Agora, o jazz já é a primeira oficialização do feio na música. Porque não se pode negar que o jazz é feio. E quando eu jazz apareceu, eu falei cobras e lagartos contra o jazz. O pessoal dava risada e dizia: “mas você não sabe interpretar a coisa! Não se toma a sério isto, isto é uma coisa de americanos, são uns bobões ricos, estão contentes da vida, fazem bobagem, você precisa conceder uma quota de lugar para bobagem na vida”.
É precisamente o que eu não queria conceder. Mas essa quota de bobagem na vida era já um bafo do inferno, era isso.
(Sr. Paulo Henrique: E isso se passou para todas as artes depois.)
Tudo! Tudo.
(Sr. Guerreiro: E como a indústria concorreu para destruir o mundo antigo e abrir as portas para esse mundo novo.)
Sim, porque ela, ainda quando queira fazer o bonito, ela faz feiamente; as máquinas de fazer as coisas são feias, os barulhos que essas máquinas fazem são feios, o ambiente em eu que elas trabalham são ambientes feios, os homens que trabalham ali são homens como classe, menos bonitos da sociedade, porque o próprio trabalho os enfeia, e tudo junto é uma oficina da feiúra, de maneira que o sujeito se deteriora lá.
Você ia perguntar alguma coisa, meu filho?
* Com o igualitarismo democrático o Feio foi penetrando na vida política. Uma comparação das guerras antigas com as de hoje
(Sr. P. Roberto: Nos acontecimentos políticos houve alguma coisa que fosse paralelo ao jazz e ao rock?)
Foi o igualitarismo democrático. Quer dizer, a política era uma coisa linda, era um acontecimento de corte, de parlamento, a partir o momento em que o igualitarismo achincalha as cortes, e plebeíza as cortes e de outro lado desfigura a vida parlamentar, o feio é que vai penetrando naquilo.
(Sr.
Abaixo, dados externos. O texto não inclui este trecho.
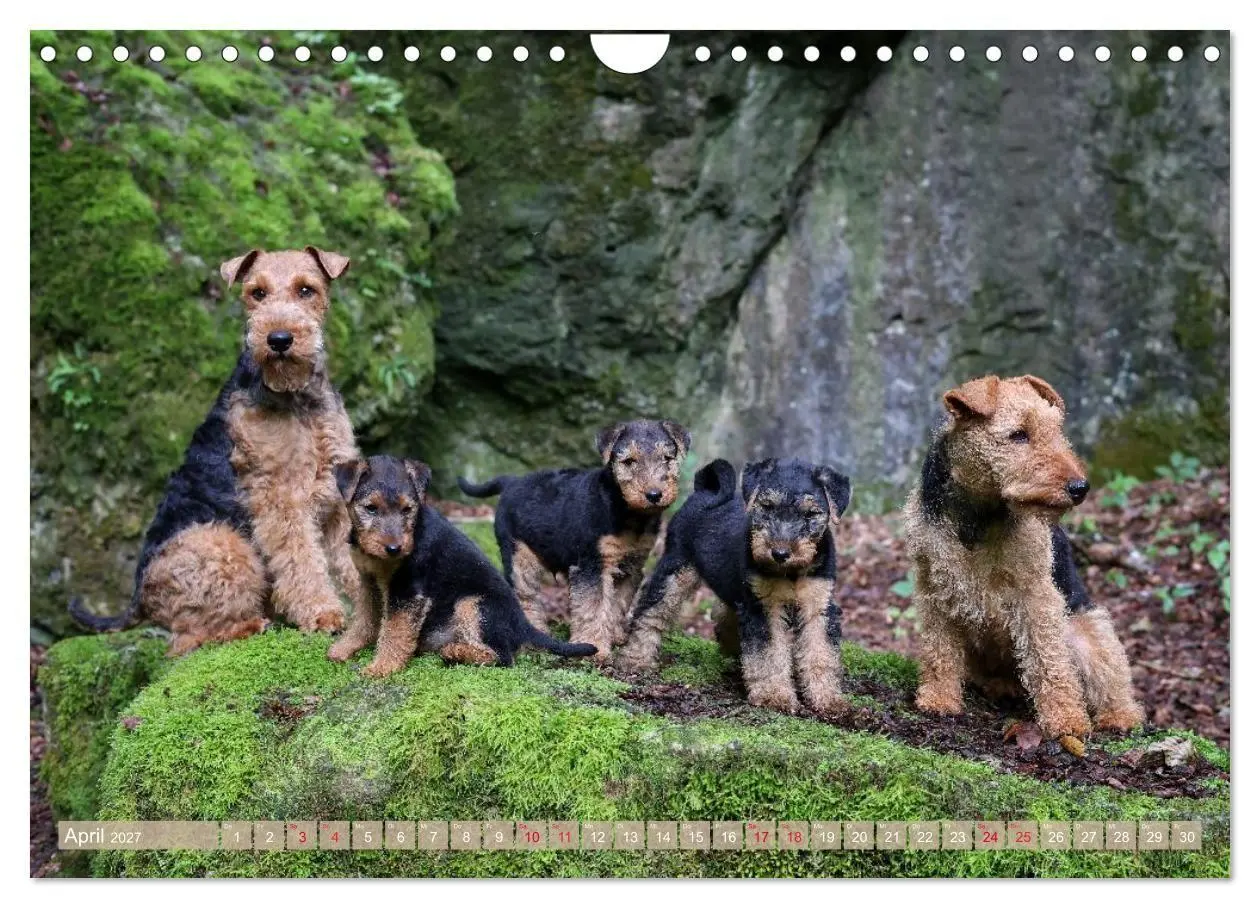 Bild: 9783594391198 | Welsh Terrier - treue Gefährten und vielseitige Jäger (Wandkalender...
P. Roberto: Mais recentemente, por exemplo, a queda da cortina de ferro, essas coisas todas… […] isso seria uma nova fase ou estaria no ritmo das antigas?)
Não, decididamente no ritmo antigo não está, mas são tão diferentes, tão descontínuos que eu ao menos tenho dificuldade em classificar. Você veja, por exemplo, a guerra do Iraque. A guerra foi feia enquanto desenvolvimento de relações entre os beligerantes.
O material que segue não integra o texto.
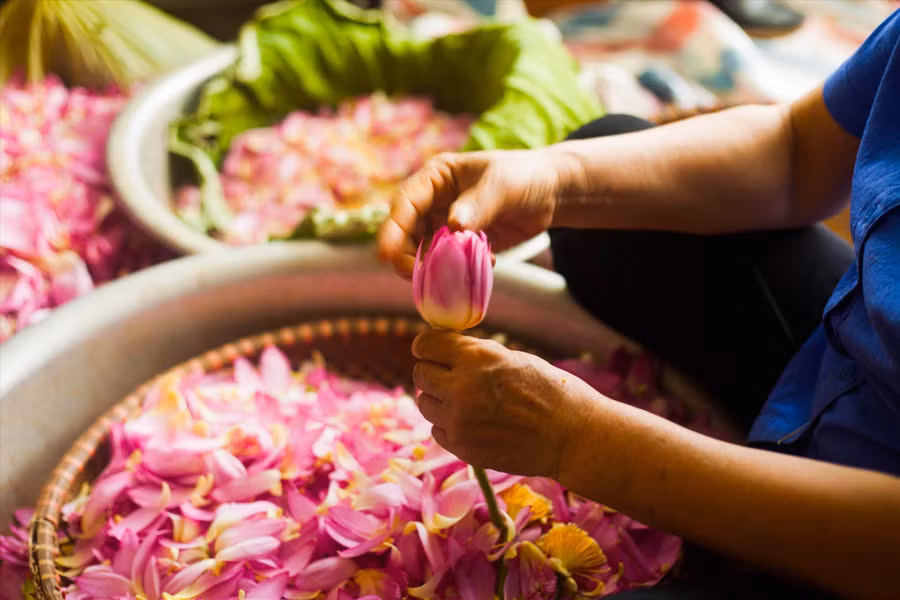 Trà sen Hồ Tây: Món quà tinh túy của người Hà Nội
Antigamente a guerra era assim: chegava o momento em que duas potências — já por aí, o se chamarem potências; hoje é difícil referências à potências em vocabulário político, se diz nações. Naquele tempo, “duas potências”, dá idéia da grandeza do Estado não é?
Bem, duas potências entram numa contradição de intenções irremediável e a guerra é a única coisa que é possível. Então, o Estado que quer fazer a agressão manda seu embaixador procurar, mas de fraque e cartola, procurar o ministro do exterior, que também se apresenta já de fraque para [o] receber, e receber um ultimato que é uma ameaça: ou o país “x”, vamos dizer a França, muda de atitude em tal ponto, ou a Alemanha invade a França…
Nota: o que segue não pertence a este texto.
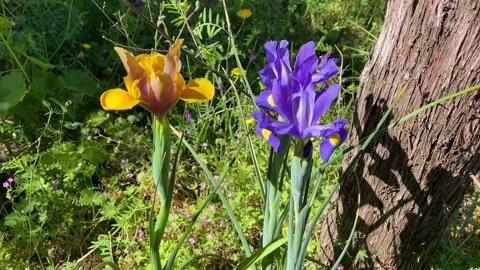 Slow motion of two blue and orange lily flowers Stock-Footage 282724388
(Sr. P. Roberto: Daí o armamento da Alemanha na primeira Guerra Mundial, todo o mundo já sabia que dali ia sair uma guerra, mas era uma coisa que tinha um certo…)
Um certo ritmo-cerimonial quase como de um minueto.
Bem, o embaixador comparecia lá, fazia um ultimatum, o ministro declarava que não atendia, o embaixador telegrafava ao seu próprio governo, o governo mandava ele então avisar que o estado de guerra existia entre as duas nações. E o ministro da potência que declarava pedia ao mesmo tempo seus passaportes.
Ao mesmo tempo o ministro da nação com que se declarava a guerra, estava desenrolando o mesmo o ritmo na outra nação. Fazia-se o embarque das coisas que o embaixador quisesse levar num trem especial. E a potência que estava rompendo mandava o embaixador estrangeiro, acompanhava até o limite de seu próprio território. Ali ele descia, tomava o trem de seu país e ia para onde quisesse.
Bem, mas é uma coisa que tem uma certa dignidade. Enquanto o embaixador estivesse no país com guerra, ele não tinha que recear vaia, não tinha que recear nada, era respeitado em tudo, etc. Quando ele saísse, ele deveria ter feito a triagem de todos os documentos da embaixada, móveis, coisas mais preciosas, levar tudo. Davam-lhe vagões para isso. O resto, a potência agredida, tomava conta da embaixada, mandava pegar tudo que tinha, guardar num depósito tudo que tinham deixado lá, e instalavam serviços próprios. Isso ficava assim até que a guerra terminasse em que a embaixada era desocupada, restituída, mas também davam os móveis, etc.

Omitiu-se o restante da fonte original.